Jesus tells his disciples "I am the Way" to reassure them that he will prepare a place for them in heaven. As the passage explains, Jesus blazed a trail through his life, death, and resurrection, opening a new path to God. He exemplified living according to the kingdom of heaven by loving others and serving their needs. The disciples then followed Jesus' example by continuing his works and spreading his message. Following "the Way" set by Jesus means committing oneself to living with love, compassion, worship, and service, just as he did.
Jesus tells his disciples "I am the Way" to reassure them that he will prepare a place for them in heaven. As the passage explains, Jesus blazed a trail through his life, death, and resurrection, opening a new path to God. He exemplified living according to the kingdom of heaven by loving others and serving their needs. The disciples then followed Jesus' example by continuing his works and spreading his message. Following "the Way" set by Jesus means committing oneself to living with love, compassion, worship, and service, just as he did.
Jesus tells his disciples "I am the Way" to reassure them that he will prepare a place for them in heaven. As the passage explains, Jesus blazed a trail through his life, death, and resurrection, opening a new path to God. He exemplified living according to the kingdom of heaven by loving others and serving their needs. The disciples then followed Jesus' example by continuing his works and spreading his message. Following "the Way" set by Jesus means committing oneself to living with love, compassion, worship, and service, just as he did.
What does Jesus mean when he says to the disciples, ‘I am the
Way’? Jesus has just assured them that he will prepare a place for them and is answering Thomas’s remark that they don’t know where Jesus is going, let alone the way to follow.

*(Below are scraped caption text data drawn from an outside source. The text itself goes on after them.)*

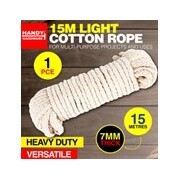 Rope Cotton 7mm x 15m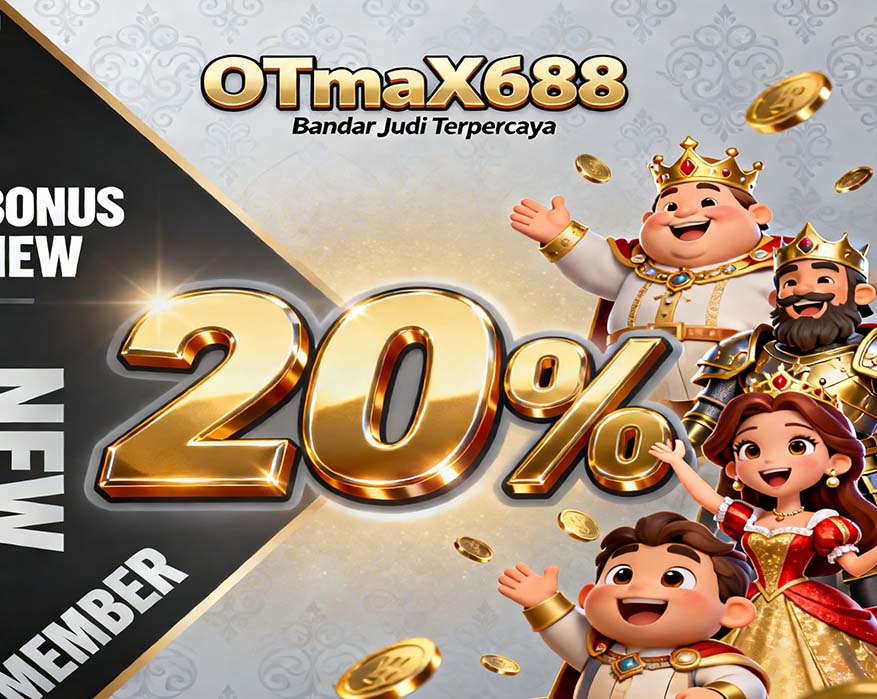 OTmaX688 Pola Slot Gacor Rahasia Maxwin Tercepat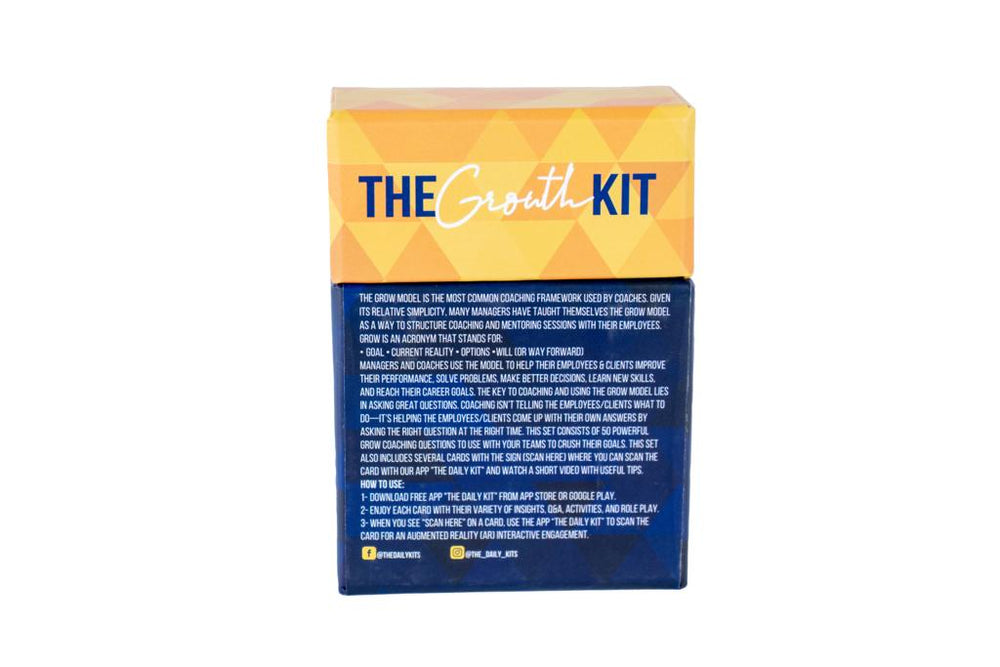 The Kit-The Growth Kit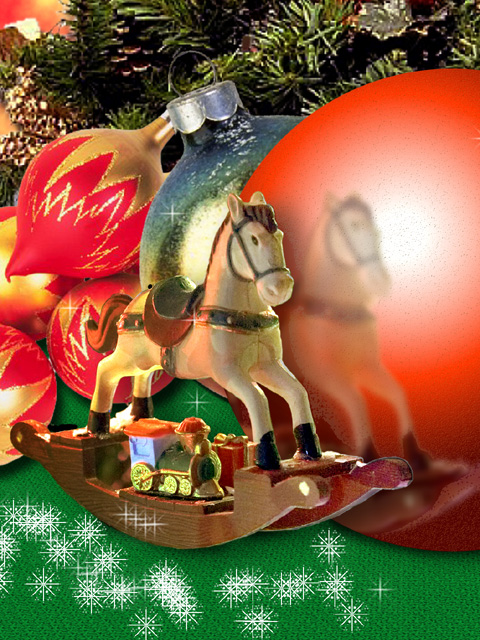 Ornament collection
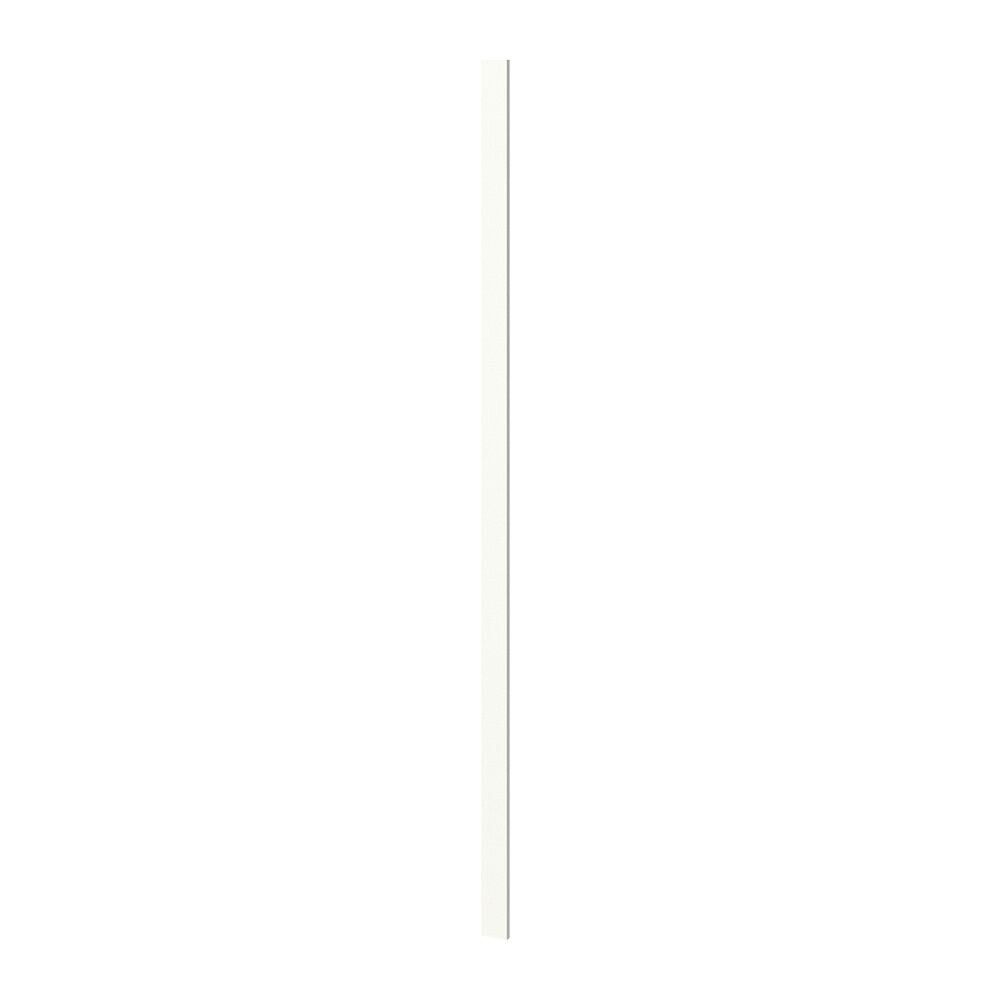 Shenandoah PRO Express SPE 90MPS-58177 Cabinet Fill Strip 3-in W x 92-in H x 0.75-in D Linen Painted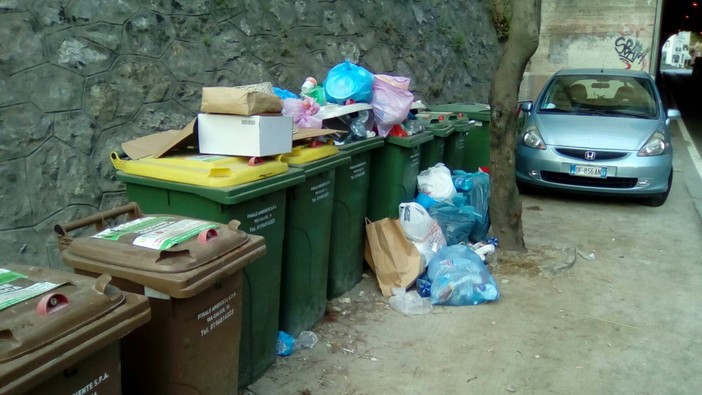 Regione: 500 mila euro dall'ecotassa per la raccolta differenziata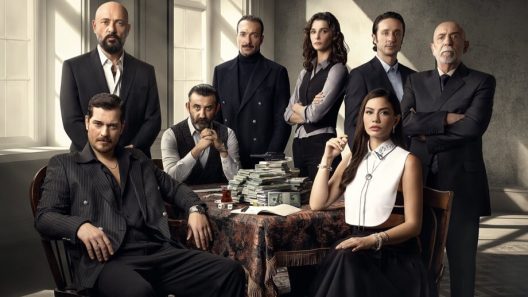 مسلسل حلم اشرف الحلقة 6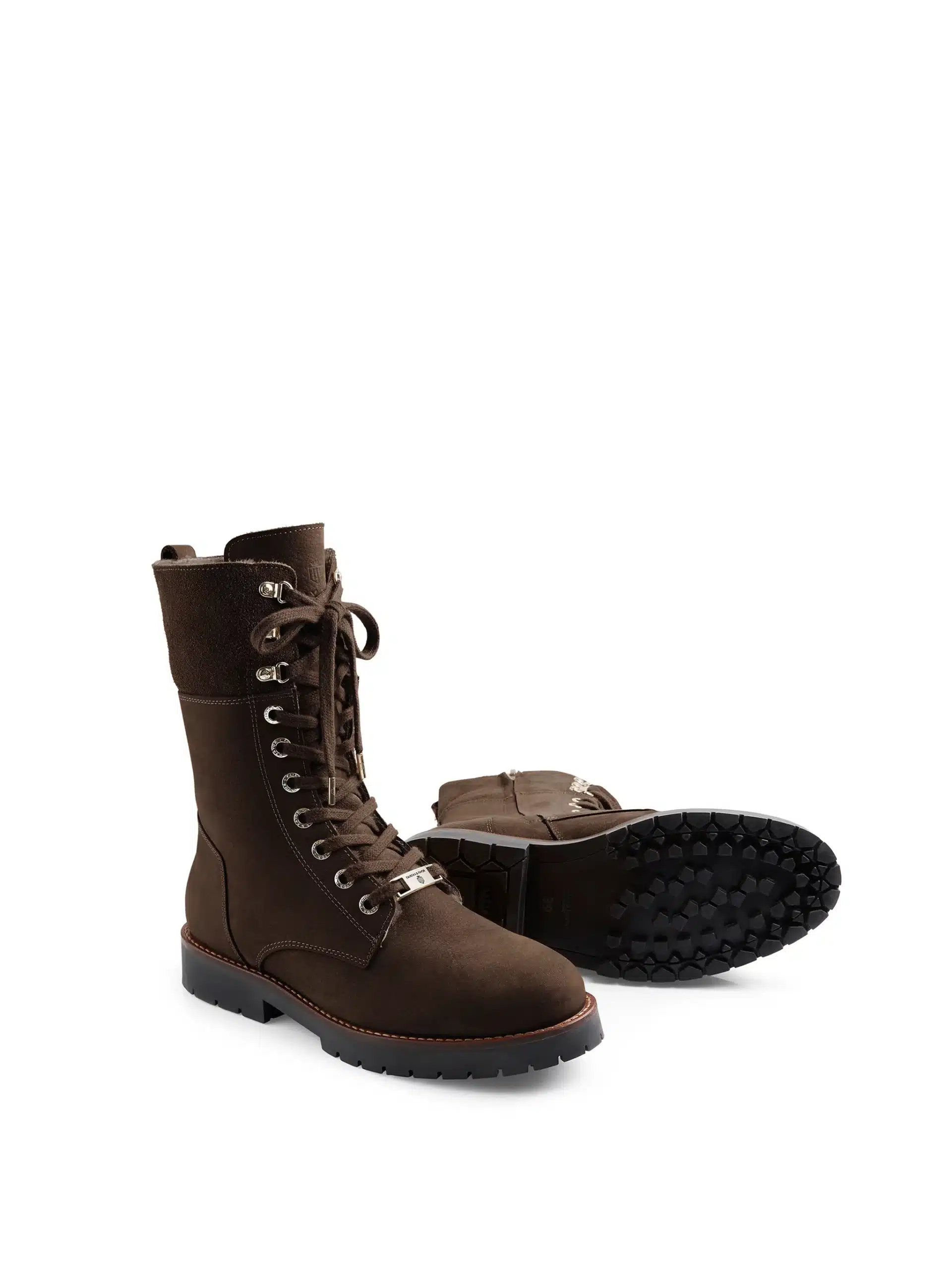 The Anglesey – Chocolate Nubuck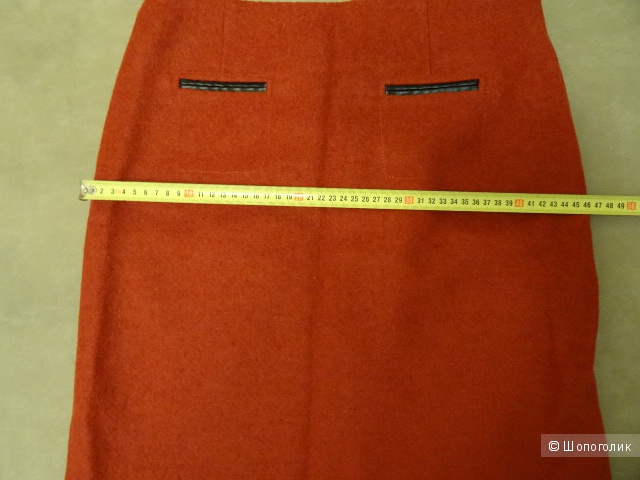 Юбка тёплая M&S, размер 42-44, б/у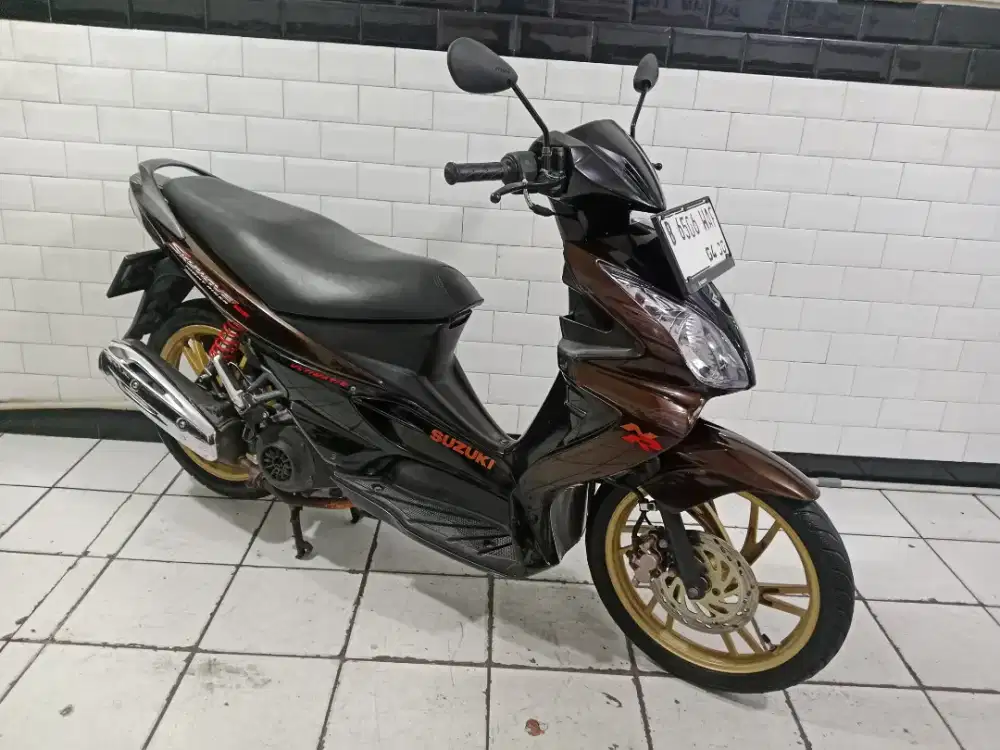 Skywave NR mocca tahun 2009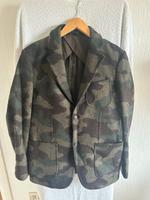 Woolrich Blazer Sakko Camouflage neu L Baden-Württemberg - Emmendingen Vorschau
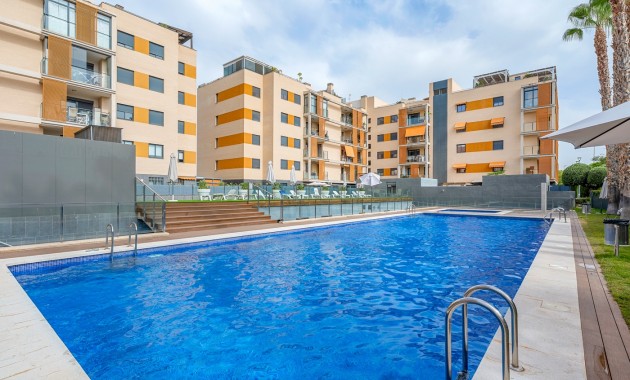 Sale - Apartment / flat -
El Campello - Playa Muchavista
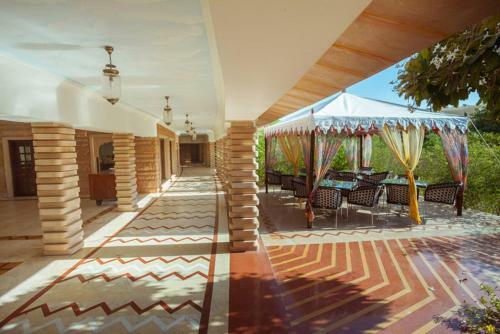 Hotel Samsara Resort And Camp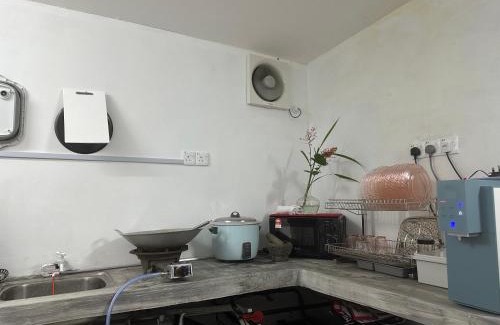 Kampung Sayong Hulu Casa | Rahim Tiny Homestay Kuala Kangsar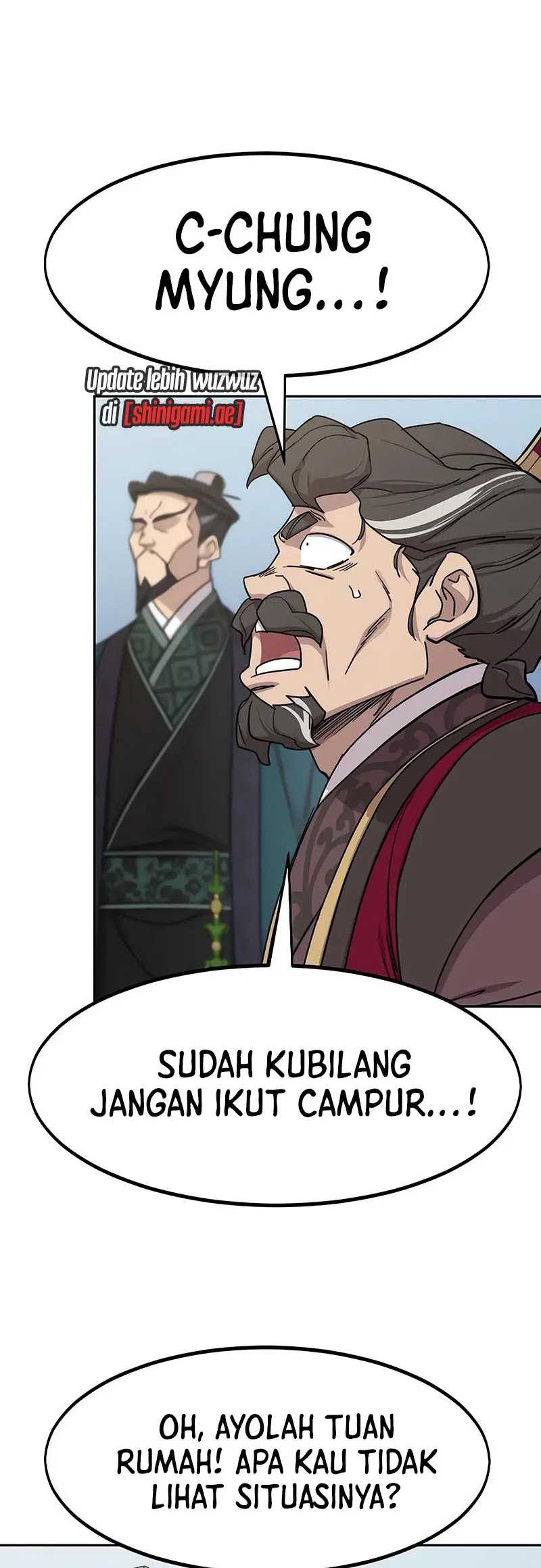 Return of the Flowery Mountain Sect Chapter 129 - halaman 17
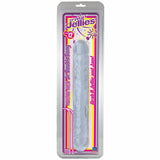 Crystal Jellies Jr. Dbl Dong 12in Cd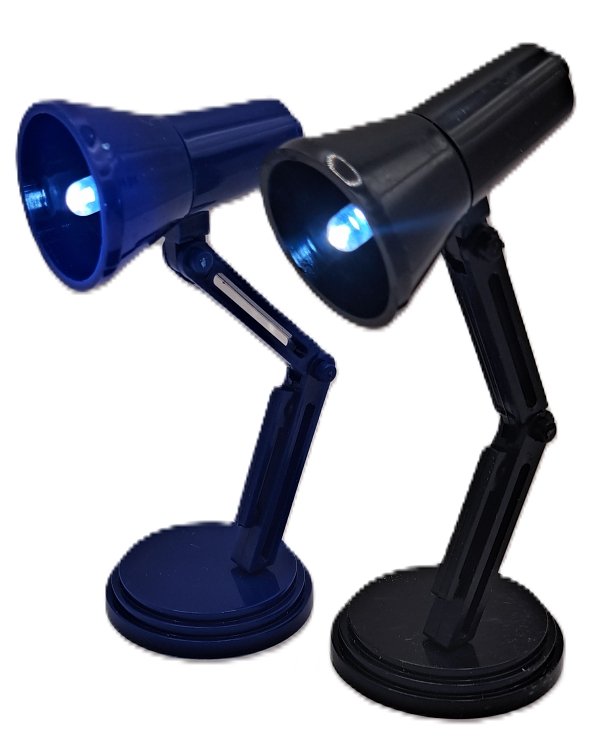 ΒΟΟΚ LAMP MIXED COLOURS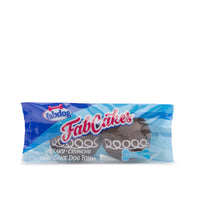 Fabcakes Chocolate Dog Toy-Four Muddy Paws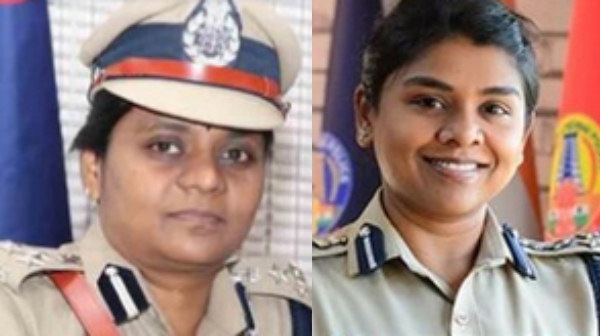 Tamil Nadu top 2 IPA officers are moved to Delhi for UNION government works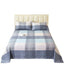 Premium Cotton Fitted Bed Sheet and Pillowcase Set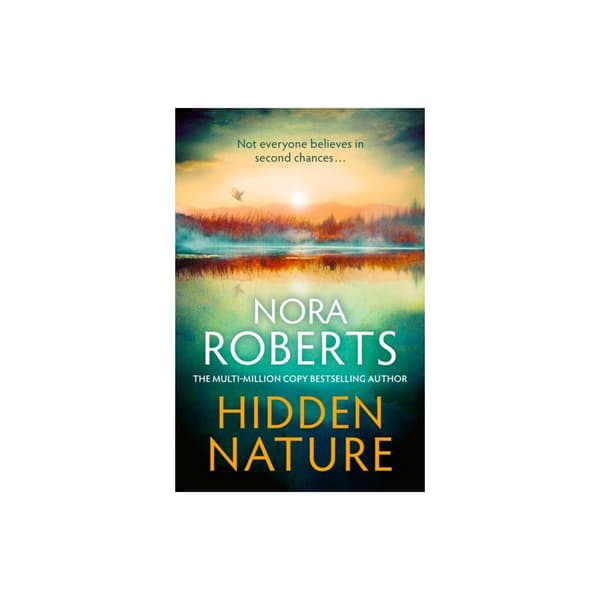 Hidden Nature (häftad, eng)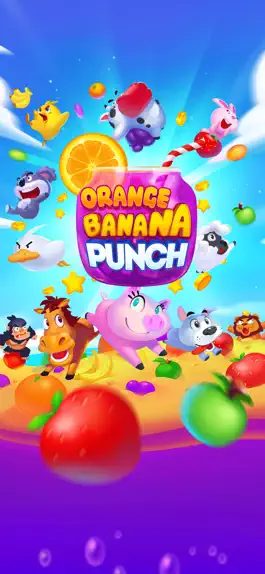 Game screenshot ORANGE BANANA PUNCH mod apk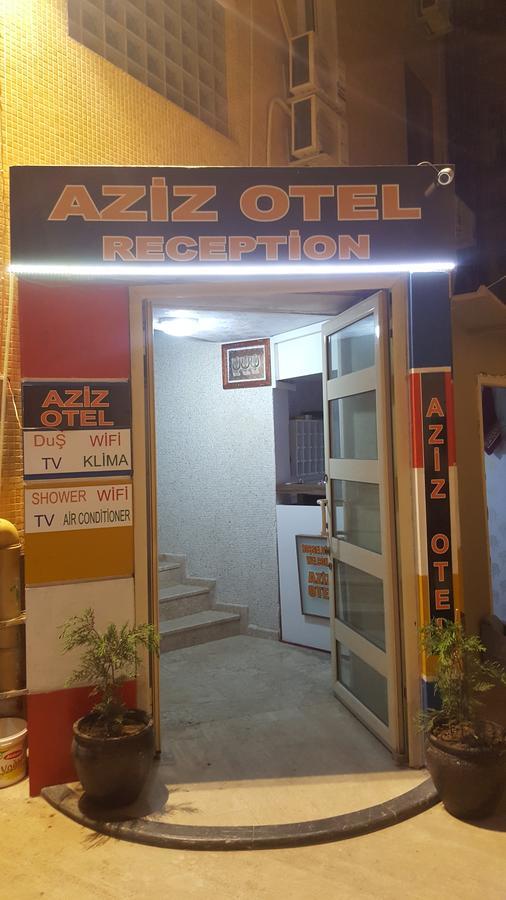 Aziz Antalya
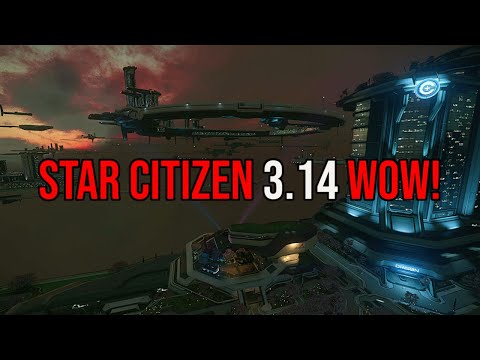 Video: Cílem Poslední Aktualizace Star Citizen Je Přinést Do Galaxie Zákon A Pořádek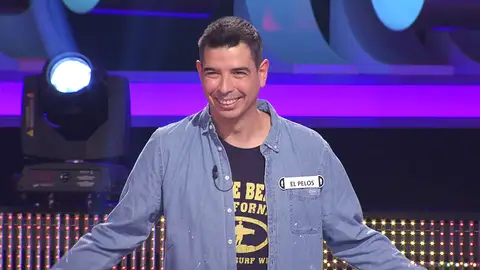 ¡Lo prometen y lo cumplen! La sorprendente historia de El Pelos que emociona a Arturo Valls ¡Lo prometen y lo cumplen! La sorprendente historia de El Pelos que emociona a Arturo Valls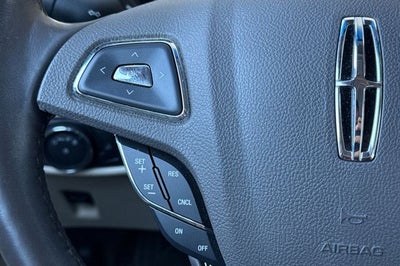 2016 Lincoln MKZ Hybrid Base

Jesus is both signposting a pathway to the kingdom of heaven and
exemplifying a kingdom way of life on earth. At this point in his life story Jesus is about to make his final journey along the pathway to the Father, through arrest, imprisonment, torture and interrogation, execution and burial. The Father will glorify Jesus and himself by raising Jesus from the dead. The trail will be blazed, and forty days later, Jesus will return to heaven, whence he came to earth, and shortly after that at Pentecost, his followers will be baptised in the Holy Spirit to empower them to follow that same Way. As the writer to the Hebrews puts it: ‘By his death, Jesus opened a new and life- giving way’ (Hebrews 10.20, NLT). The disciples will become apostles and follow this path.
Jesus demonstrated the kingdom way of life during his ministry:
repent and be baptised; worship with God’s people and pray regularly; depend on God for material provision; do not accumulate wealth; treat all with kindness and respect; free captives; heal the sick; raise the dead. In the Acts of the Apostles we see the disciples do all these things, following the way set out by Jesus. In fact, Luke describes the followers of Jesus as, ‘followers of the Way’, before they are given the name ‘Christians’. We in our turn are called to commitment to this way, and as Jesus said: ‘whoever believes in me will do the works I have been doing, and they will do even greater things than these’. (John 14.12, NIV).
When I was preparing this brief reflection, a song came to mind
about walking 500 miles. I looked it up and found that the second verse and the refrain would be a fitting declaration for a disciple to make to Jesus:
When I'm working, [yes] I know I'm gonna be
I'm gonna be the one [man] who's working hard for you, And when the money, comes in for the work I do I'll pass almost (sic) every penny on to you
When I come home, well I know I'm gonna be
I'm gonna be the one [man] who comes back home to you. But I would walk 500 miles And I would walk 500 more Just to be the one [man] who walks a thousand miles To fall down at your door.
Jesus has a place prepared for each one of us: let us follow in the Way, however many miles we walk, and humbly fall down at his door, at the last coming home to him.